Publication Source: ACM SIGMETRICS 2020, Boston MA; Proc. ACM Meas. Anal. Comput. Syst., Vol. 3, No. 3, Article 59, December 2019

In this paper, we introduce the Theory of Bottleneck Ordering, a mathematical framework that reveals the bottleneck structure of data networks. This theoretical framework provides insights into the inherent topological properties of a network at least in three areas: (1) It identifies the regions of influence of each bottleneck; (2) it reveals the order in which bottlenecks (and flows traversing them) converge to their steady state transmission rates in distributed congestion control algorithms; and (3) it provides key insights to the design of optimized traffic engineering policies. We demonstrate the efficacy of the proposed theory in TCP congestion-controlled networks for two broad classes of algorithms: congestion-based algorithms (BBR) and loss-based additive-increase/multiplicative-decrease algorithms (Cubic and Reno).
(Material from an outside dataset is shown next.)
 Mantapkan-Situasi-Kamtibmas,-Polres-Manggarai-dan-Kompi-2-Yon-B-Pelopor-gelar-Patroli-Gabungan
Among other results, our network experiments show that: (1) Qualitatively, both classes of congestion control algorithms behave as predicted by the bottleneck structure of the network; (2) flows compete for bandwidth only with other flows operating at the same bottleneck level; (3) BBR flows achieve higher performance and fairness than Cubic and Reno flows due to their ability to operate at the right bottleneck level; (4) the bottleneck structure of a network is ever-changing and its levels can be folded due to variations in the flows’ round trip times; and (5) against conventional wisdom, low-hitter flows can have a large impact to the overall performance of a network.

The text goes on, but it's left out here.